Veelgestelde vragen over milieueffectrapportage en indienen zienswijze

24 februari 2020

Begin februari werd bekend dat het project Lob van Gennep verder gaat met drie alternatieven. Voor deze drie alternatieven gaat onderzocht worden wat de milieueffecten zijn. Daarom is een procedure voor een milieueffectrapportage opgestart. Benieuwd wat dit inhoudt, en wat het precies betekent om hierop een zienswijze in te dienen? Lees het in onderstaande vragen en antwoorden.
 

Veelgestelde vragen bij start milieueffectrapportage

1. Wat gebeurt er de komende periode?

In 2020 gaan we de drie alternatieven uitwerken. Vanachter de tekentafel, want er is nog flink wat reken- en tekenwerk nodig. Maar we zitten ook rond de tafel met mensen uit het gebied in werkateliers en omgevingswerkgroepen. We zoeken bijvoorbeeld uit hoe de dijken er bij de verschillende alternatieven gaan uitzien en hoe breed en hoog de dijken worden. Ook onderzoeken we wat de effecten van elk alternatief op milieu en leefomgeving zullen zijn. Pas na het uitwerken van de alternatieven en effectonderzoeken kan aan het eind van de verkenning, in 2021, een zorgvuldig afgewogen keuze worden gemaakt. Die keuze legt de Stuurgroep voor aan de minister van Infrastructuur en Waterstaat.

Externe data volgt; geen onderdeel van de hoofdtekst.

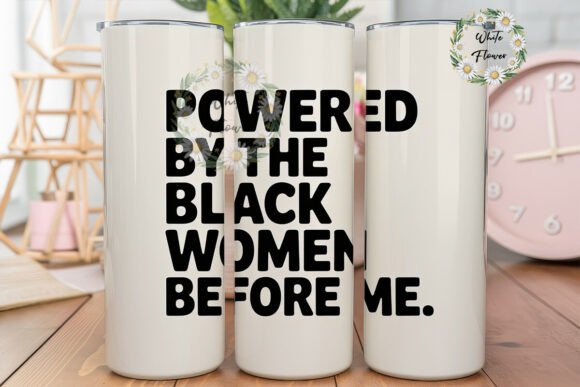 Download Black Women Empowerment Tumbler Wrap - Empowerment tumbler wrap Collection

2. Heeft de Stuurgroep een voorkeur voor een van de alternatieven?

Nee, de Stuurgroep heeft geen voorkeur. De drie alternatieven worden gelijkwaardig uitgewerkt en onderzocht. Eind 2021 legt de Stuurgroep een voorkeursalternatief voor aan de minister van Infrastructuur en Waterstaat. De minister neemt uiteindelijk de voorkeursbeslissing.

3. Zijn de drie gekozen alternatieven anders dan de alternatieven waarmee het project begonnen is?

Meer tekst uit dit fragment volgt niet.